A Day Without Music is Also Impossible in Wien

I had planned for Friday to be a very active day, but I had little idea how very active it would actually turn out to be. After surveying the outer bits yesterday, this was the day to focus on the inner part of the city, the Old Town. And I was trying to see the things I don’t expect to see when I return in November: churches etc.

So I started with the main cathedral, the StephensDom. Very interesting carvings inside, and you can actually tell where the altar is (unlike Westminster). Next up: the Peterskirche, where I paused long enough to realize they were too far into the daily Mass for me to see much without disturbing the congregation. Later in the day I found the Augustinerkirche (parish church of the Hapsburgs, attached to the winter palace and has one dramatic feature, the tomb of Maria Christina) and the Karlskirche (which I did not get inside, due to the 6 euro entry fee for the 15 minutes I was trying to squeeze it in; so, Steph, it’s on the list for November, I’m afraid).

Lunch at an outdoor cafe (lovely sunny spring day) on the Graben (pedestrian shopping street) for people-watching. Picked up the Lippizaner tickets for later since I was right there anyhow. Gee, I wonder if there’s room in the first afternoon Opera House tour? Yes, there was!
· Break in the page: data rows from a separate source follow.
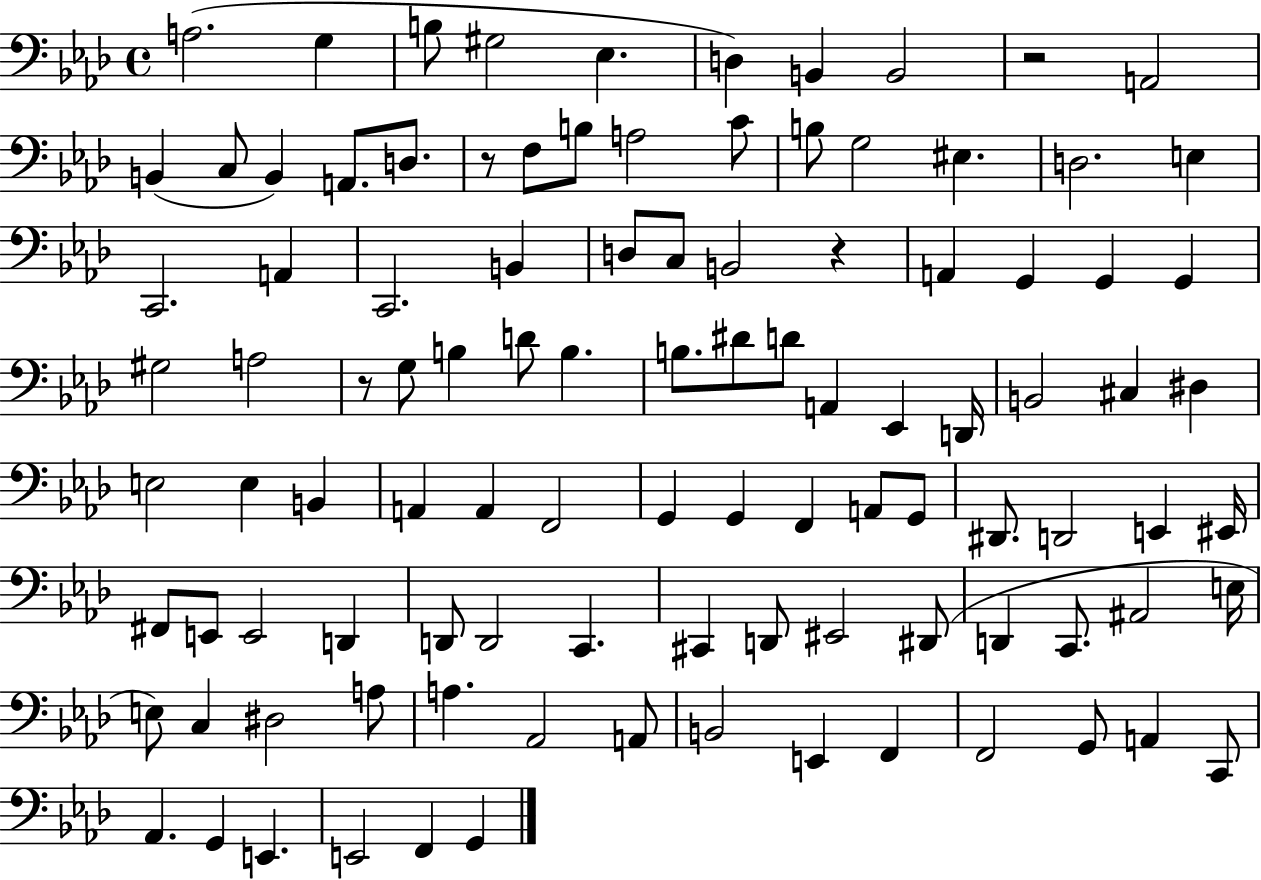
{
  \clef bass
  \time 4/4
  \defaultTimeSignature
  \key aes \major
  \repeat volta 2 { a2.( g4 | b8 gis2 ees4. | d4) b,4 b,2 | r2 a,2 | \break b,4( c8 b,4) a,8. d8. | r8 f8 b8 a2 c'8 | b8 g2 eis4. | d2. e4 | \break c,2. a,4 | c,2. b,4 | d8 c8 b,2 r4 | a,4 g,4 g,4 g,4 | \break gis2 a2 | r8 g8 b4 d'8 b4. | b8. dis'8 d'8 a,4 ees,4 d,16 | b,2 cis4 dis4 | \break e2 e4 b,4 | a,4 a,4 f,2 | g,4 g,4 f,4 a,8 g,8 | dis,8. d,2 e,4 eis,16 | \break fis,8 e,8 e,2 d,4 | d,8 d,2 c,4. | cis,4 d,8 eis,2 dis,8( | d,4 c,8. ais,2 e16 | \break e8) c4 dis2 a8 | a4. aes,2 a,8 | b,2 e,4 f,4 | f,2 g,8 a,4 c,8 | \break aes,4. g,4 e,4. | e,2 f,4 g,4 | } \bar "|."
}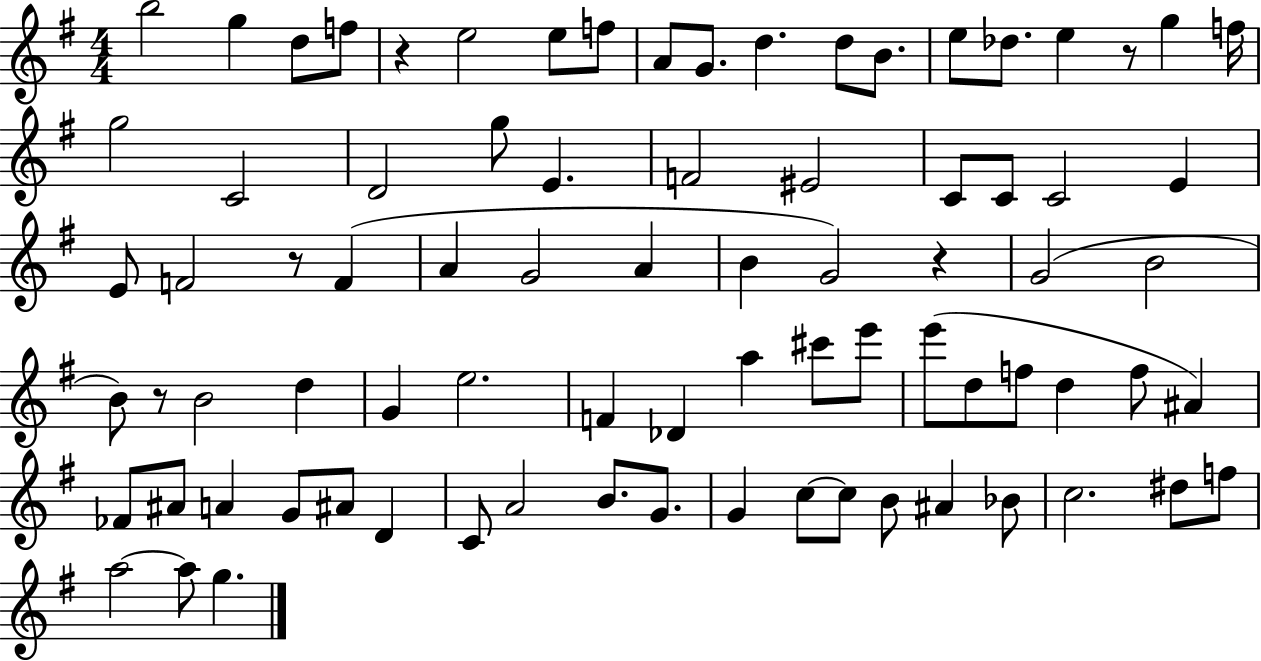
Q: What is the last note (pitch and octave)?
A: G5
Got to know a nice NZ couple while we waited. I was really surprised at the comparisons with Seattle’s McCaw Hall: Vienna has 1000 fewer seats (the audience area struck me as really small – it’s quite shallow along the long axis, they called it “horseshoe-shaped”), with SRO for 500. The stage(s) were huge … you can almost fit the Prater ferris wheel on the main stage, it’s so tall. And I think 50 meters deep … the four stage platforms slide around and can be interchanged: main stage, back stage, (under?) stage 30 feet down, and a lateral stage. Over 300 performances a year, and no two operas are repeated on consecutive evenings. They were busily setting up for Lucia that night … over 300 workers on stage.

After the operahouse tour, I went over to pick up my Boys Choir tickets. This performance was at the Brahms Hall at the Musik Verein (I think the Philharmonic performs in the main hall here). This hall seated perhaps 300, under a glittering gilded Baroque ceiling. I was anticipating something with just the boys, light and frothy. And so indeed the first half of the concert was (about 16 boys). Then, after the interval, was added about 16-piece chamber orchestra and a dozen adult male vocalists. They performed the entire Verdi Gloria (all 12 movements) and several portions of one of the Haydn masses. Splendid stuff!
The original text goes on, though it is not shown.